Una función similar debieron tener los encantadores animales de fayenza azul encontrados usualmente en tumbas del Reino Medio, que no eran ciertamente simples  ornamentos, aunque a menudo aparezcan cuidadosamente decorados con flores, plantas  y pájaros del medio natural del hipopótamo. ¡Tal vez esta decoración pretendía ayudar a mantener mágicamente al animal en su propio hábitat! Aunque estas representaciones pueden manifestar cierta ambivalencia hacia el hipopótamo, en períodos posteriores fue directamente equiparado con el propio dios Set (aquí visto desde el wesirianismo como una deidad maligna). 

 

En los muros del templo ptolemaico de Edfú se reproduce el denominado “Mito de Heru”, que explica cómo Heru Behedety combatió en la barca de Ra contra los enemigos del dios sol, representados en forma de cocodrilos e hipopótamos. En otra narración Heru-sa-Aset combate contra Set, que aparece como un hipopótamo rojo. Incluso la compuesta Am’mit, la temible “devoradora de corazones” que acechaba en la Sala de la Doble Ma’ati, estaba representada con mandíbulas de cocodrilo y las patas traseras de hipopótamo.

 

A pesar de esta considerable animadversión hacia el gigante herbívoro, este animal  -como el cocodrilo- también tenía una parte más positiva. La hembra del hipopótamo era considerada con respeto como una gran defensora de su cría y, así, las diosas Aset, Hethert y Nut, que actuaban en el renacimiento del difunto, podían aparecer en forma de hipopótamo hembra. Por ejemplo, en las pinturas astronómicas de las tumbas del Reino Nuevo, una de las constelaciones circumpolares del norte representa a Aset como un poderoso hipopótamo que contiene el cuarto delantero de Set.

 

El hipopótamo funcionaba también como un símbolo de fertilidad, y en este papel se le conoce mejor como Taweret “La Grande”, diosa hipopótamo del embarazo, a la que se representaba de pie sobre sus patas traseras, en posición humana y, usualmente, con una pata apoyada en un signo jeroglífico SA de “protección”.

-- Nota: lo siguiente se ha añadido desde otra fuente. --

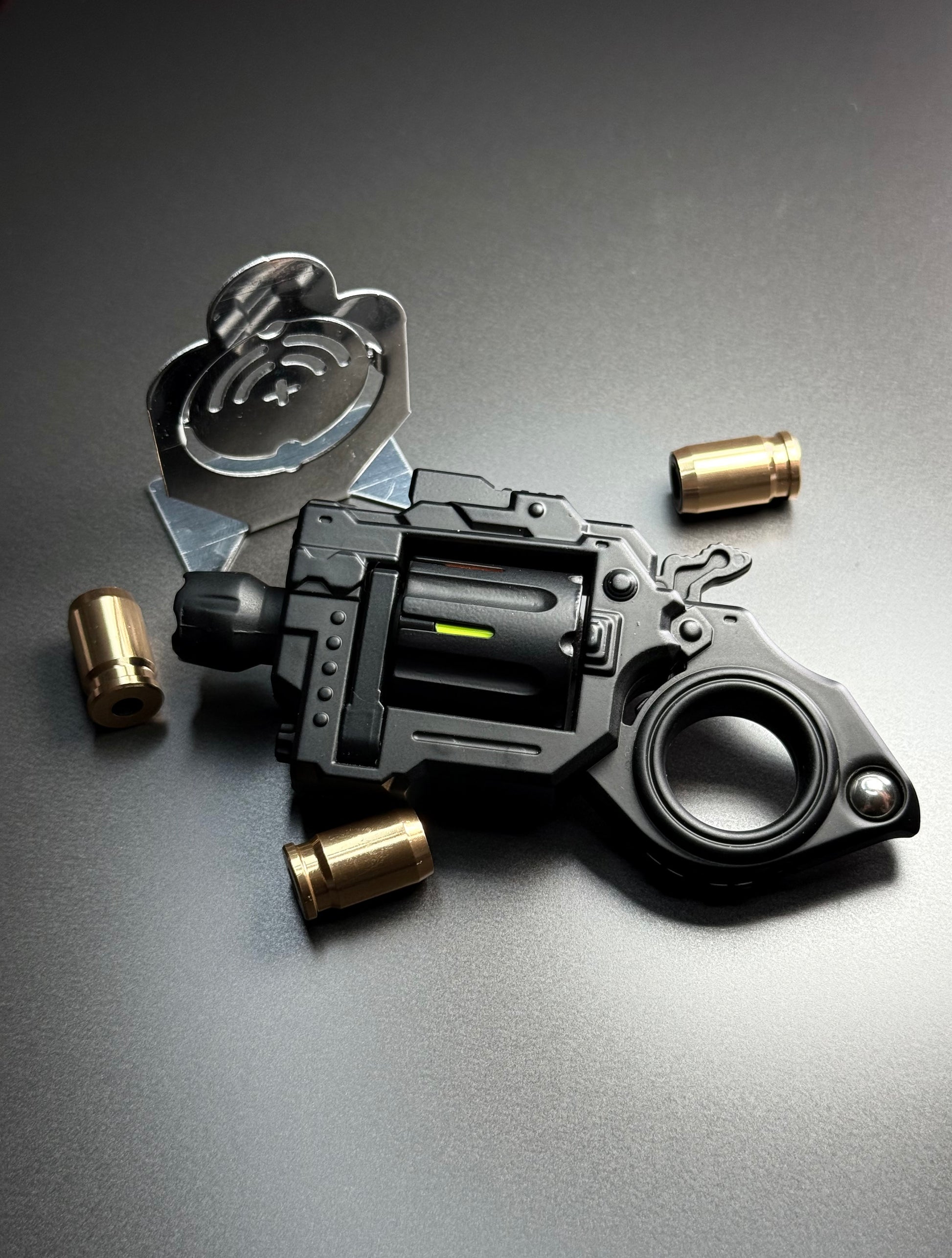 TACTIQLab. x FIDGET GADGET - REVOLVER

Tal vez la cama funeraria con cabeza de hipopótamo hembra encontrada en la tumba de Tut-ankh-Amun, fue ideada para expresar esta misma imagen de protección y renacimiento, igual que la cama con forma de vaca Hethert hallada en la misma tumba, que hace juego con ella.

 

La iconografía de este animal es, pues, variable. Mientras que el hipopótamo recostado sobre sus patas traseras representa generalmente los aspectos más positivos del animal, los hipopótamos erectos sobre sus cuatro patas connotan usualmente hostilidad aunque ciertas obras, como la cama funeraria, podrían ser excepciones de esta norma general.

Fuente: Richard H. Wilkinson, “Cómo leer el arte egipcio”, Ed. Crítica.